So Glad I’m Me (SHORTLISTED, 2017 T S ELIOT POETRY PRIZE)
Ten minutes ago, I wrote these words.
Ten minutes; now I think I think them.
They knew me first, I fear, another me
went first and thought them.
Roddy Lumsden’s tenth collection, So Glad I’m Me, has a misleading title; in fact, one of the major themes of the collection questions the very nature of the self – what it means to be ‘me’, if ‘me’ means anything at all.
In the titular poem, the ‘me’ referenced is not Lumsden himself – rather, the quote ‘so glad I’m me’ was spoken by a female friend nodding off in the pub, inspiring Lumsden to write the poem (hence its opening line, ‘Clare is waning’). Even then, the poem appears to go on to question who Clare is with the word ‘me’; Lumsden lists ‘tragic heroines’ ranging from ‘Sandy Denny, post-recording’ and ‘Esther Greenwood roping in her thoughts’ to ‘gypsy girl from the Flake advert’. At first, comparing the ‘glad’ Clare to these women seems incongruous, that is until one considers that Lumsden is critiquing the concept of the tragic heroine – presenting Clare as seemingly ‘tragic’ yet content with herself.
The title poem reveals several recurring features in the collection: questions about our identities (for example, in relation to the roles – literary or otherwise – we play, like Clare the ‘tragedienne’); references to literature and music; and the inclusion of recurring characters, like Clare or ‘Amber Eyes’ – both of whom Lumsden has in an interview confirmed are real people – who give the collection a sense of structure, progression and authenticity.
Lumsden addresses troubling topics such the issue of identity, multiplicity and alienation from the self with wit. Take, for example, ‘Time Loop/Wishing Wells’:
…Don’t like
the other me, he has gained weight
and he likes Spiderman movies [.]
Other times, he allows the reader to feel the full existential weight of his reflections. In the poem ‘Cameron’ for instance, the persona recounts growing up near the Cameron reservoir – located near Lumsden’s hometown of St Andrew’s. He informs the reader of his ‘Scottish education’, remembering when such a phrase indicated ‘topological purity.’ The persona appears to find himself in his memories of his youth but the end of the poem throws this also into question:
It was barely a village and now I look it up.
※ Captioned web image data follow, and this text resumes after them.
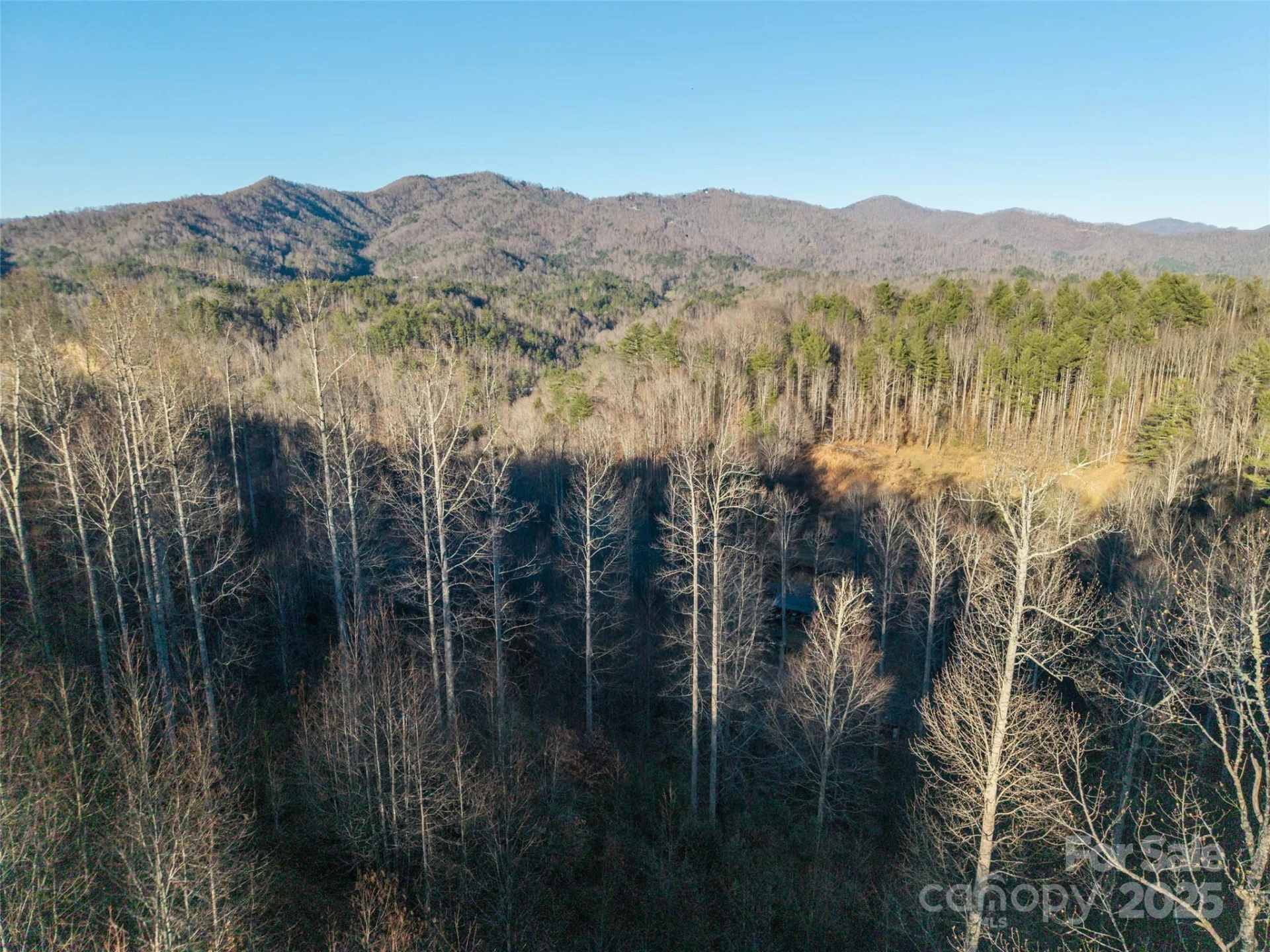 00 Eaglecrest Lane - Photo 7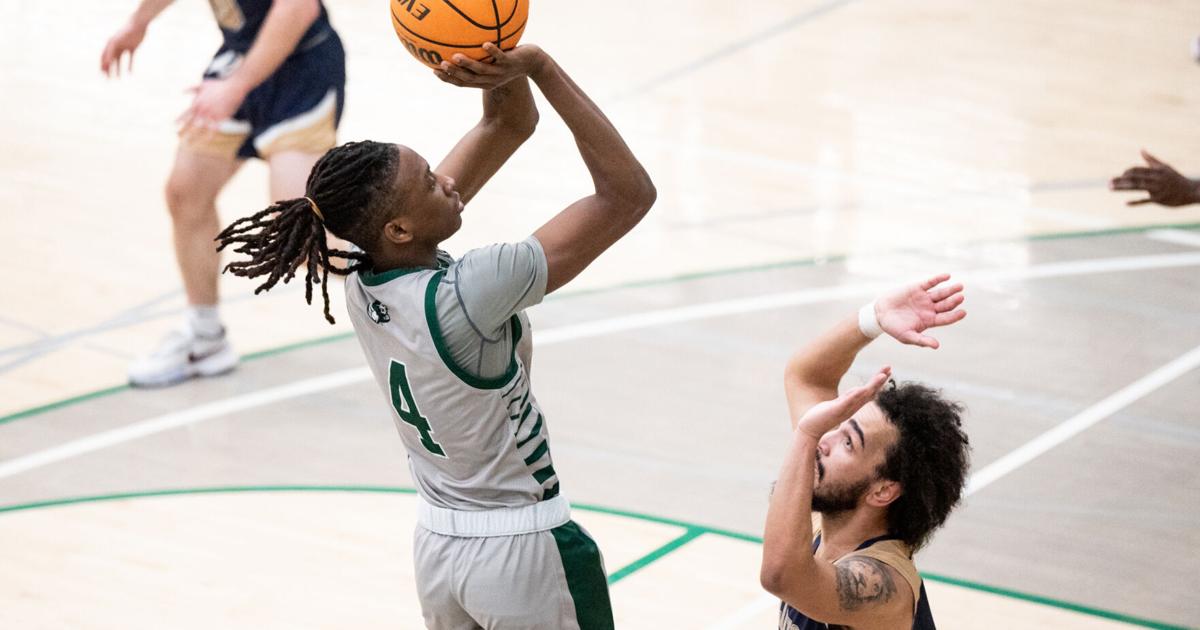 Sharon Mcfall McFall, Goings power The Rock men past Clarion, 54-50 | Sports ...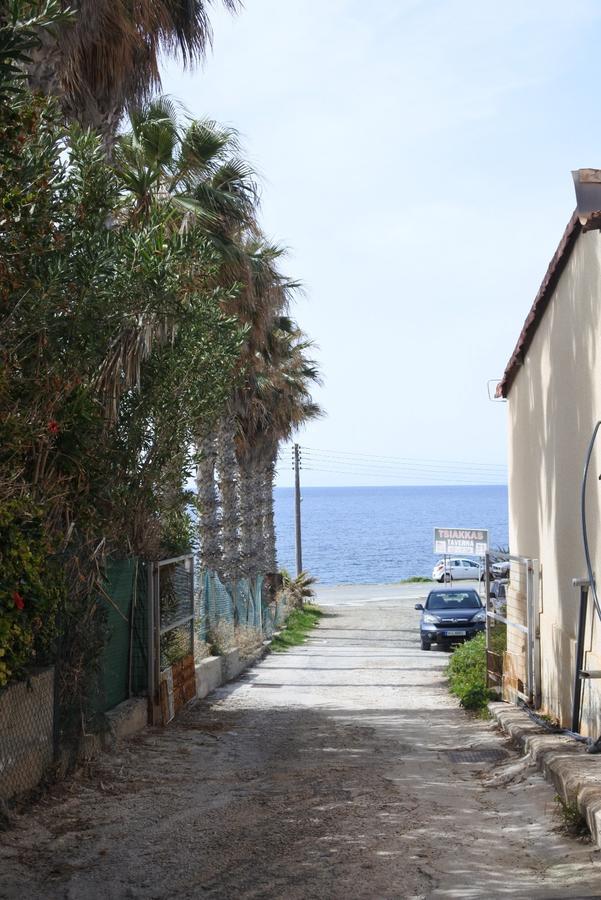 Kissonerga Beach Apartment Pafos Zewnętrze zdjęcie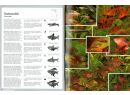 Akvarijní ryby  velký obrazový atlas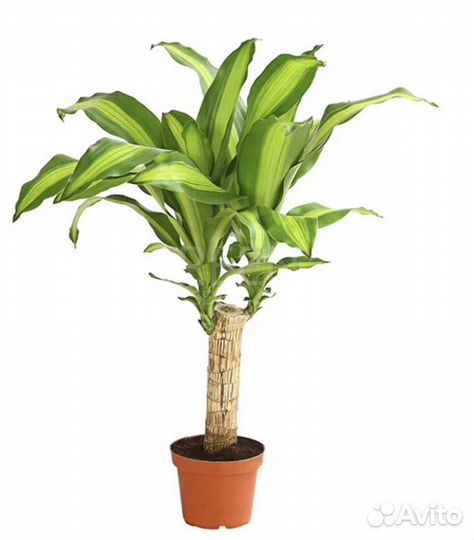 Пальма драцена
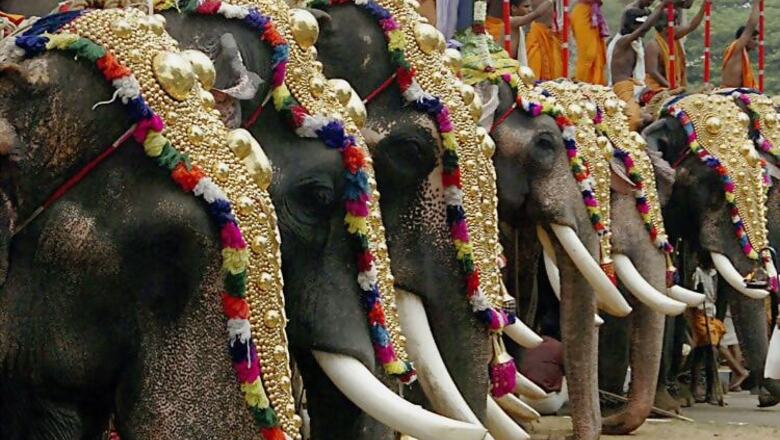 Thrissur Pooram festival starts today with riders on fireworks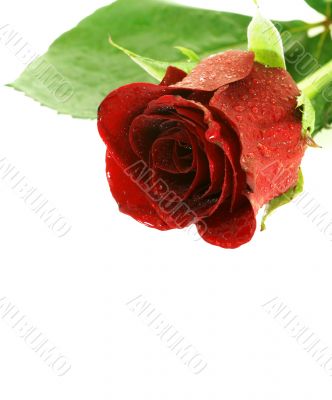 red wet rose over white background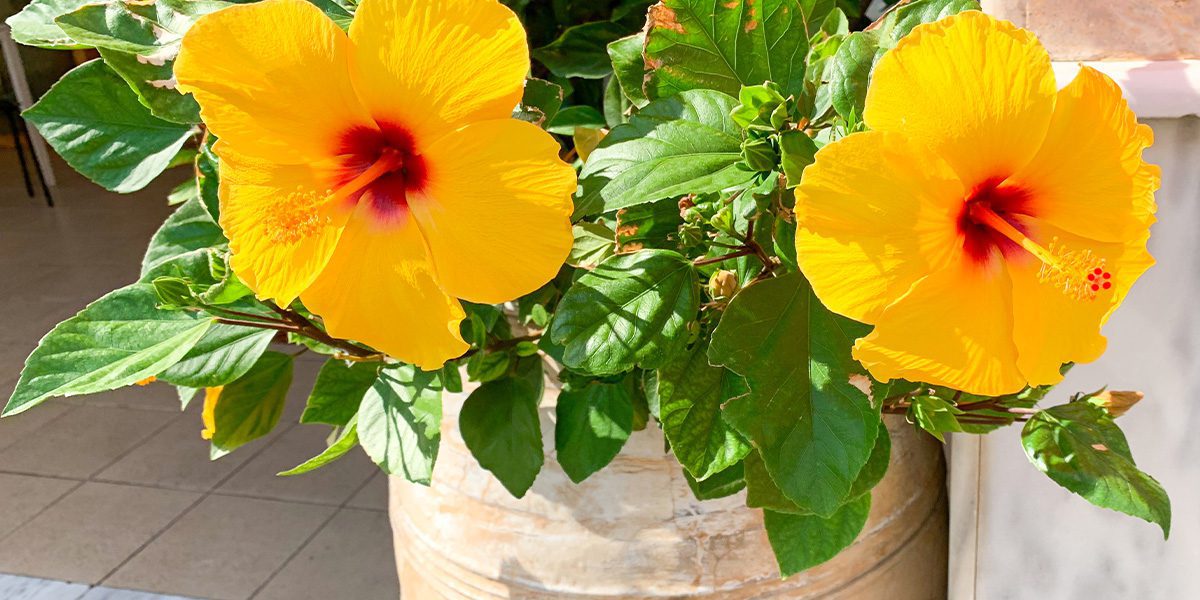 yellow potted hibiscus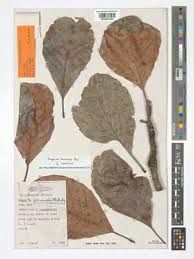 Image result for Uapaca nitida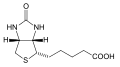Biotin or vitamin B7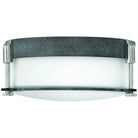 Hinkley Lighting - Colbin 12-Inch Flush Mount - 3231DZ | Montreal Lighting & Hardware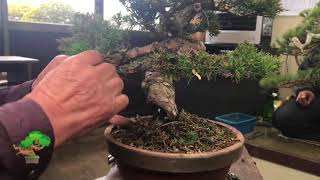 Pruning and wiring by Masahiko Kimura Part 3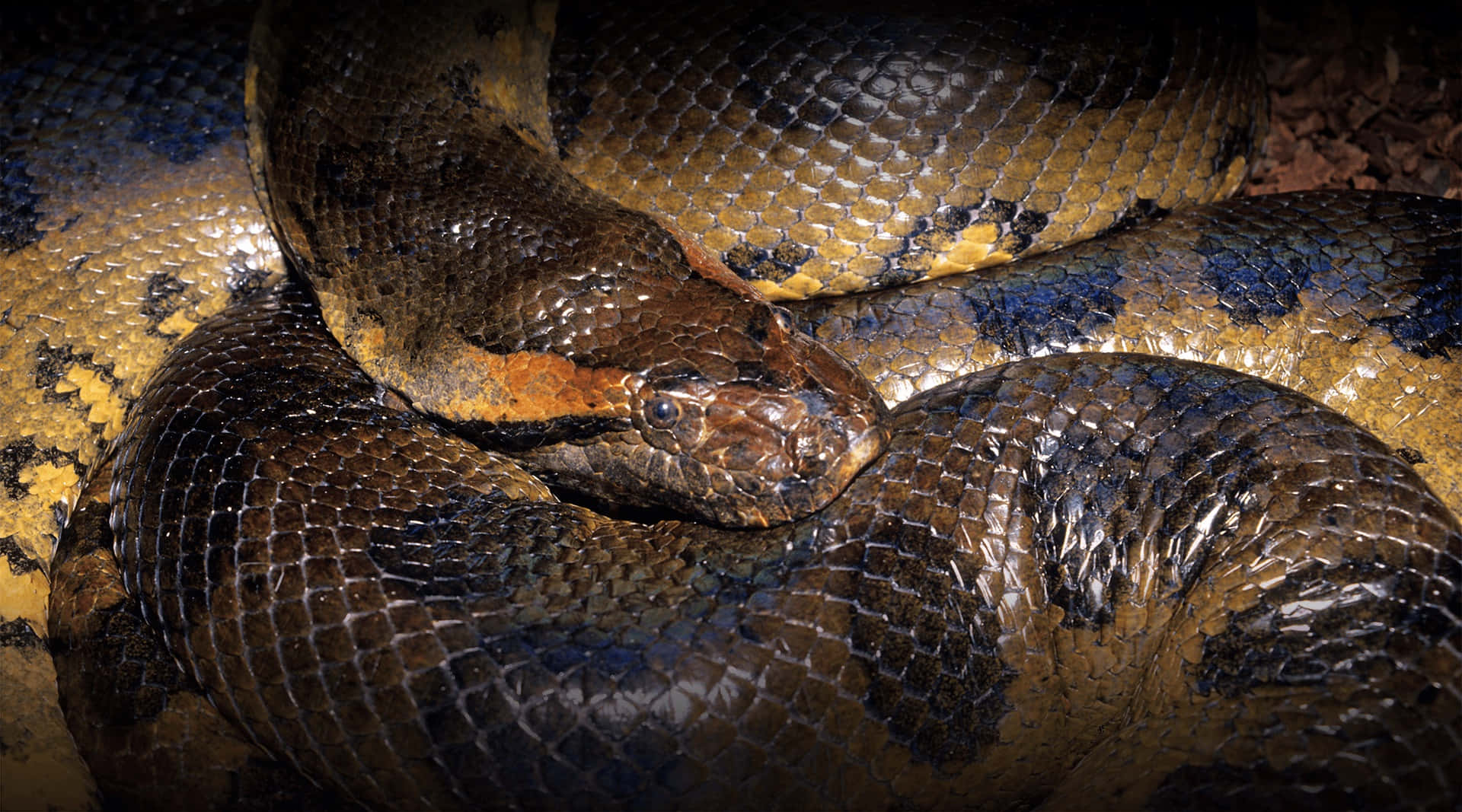 Coiled Anaconda Closeup.jpg Wallpaper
It does not exist. I type my name, but pause.The vatic thermometer drops. I may not either.
Lumsden goes further than asking whether aspects of our past, like our education or the landscape of our youth, inform our identities. He considers how, if they do play a role, our identities may be changed not only because of personal growth, but because the places from our past change as well. Unable to find it online in the form that he remembers, the persona begins to doubt his memories of the village at Cameron that featured so heavily in his childhood, and by extension begins to doubt his own identity.
Lumsden is also clearly a fan of wordplay. He delights in playing with sound and rhythm– reflecting the fact that many of the poems discuss music. Consider ‘So Much Synth (Mix Tape, Slight Return)’, where the fast pace and internal rhyme of ‘chintz’ and ‘synth’ feel somewhat like a pop song:
hands at your own throat, knowing, soundtracked and shaking
that synth was not chintz but our own breath. That’s the truth.
This is only one example of Lumsden’s confidence with language and form. The entire collection is clearly the work of a craftsman pushing new boundaries in an exploration of our internal and external worlds.